**ASSIGNMENT:** Repeat all the records, precisely as given.

**INPUT DATA:**
---

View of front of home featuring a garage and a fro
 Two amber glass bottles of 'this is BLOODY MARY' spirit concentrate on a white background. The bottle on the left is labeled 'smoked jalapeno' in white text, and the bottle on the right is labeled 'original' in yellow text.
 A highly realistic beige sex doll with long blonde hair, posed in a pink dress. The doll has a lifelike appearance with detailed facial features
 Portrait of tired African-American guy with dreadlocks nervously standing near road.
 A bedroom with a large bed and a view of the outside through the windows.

---

**RESULT OF THIS EXERCISE:**
View of front of home featuring a garage and a fro
 Two amber glass bottles of 'this is BLOODY MARY' spirit concentrate on a white background. The bottle on the left is labeled 'smoked jalapeno' in white text, and the bottle on the right is labeled 'original' in yellow text.
 A highly realistic beige sex doll with long blonde hair, posed in a pink dress. The doll has a lifelike appearance with detailed facial features
 Portrait of tired African-American guy with dreadlocks nervously standing near road.
 A bedroom with a large bed and a view of the outside through the windows.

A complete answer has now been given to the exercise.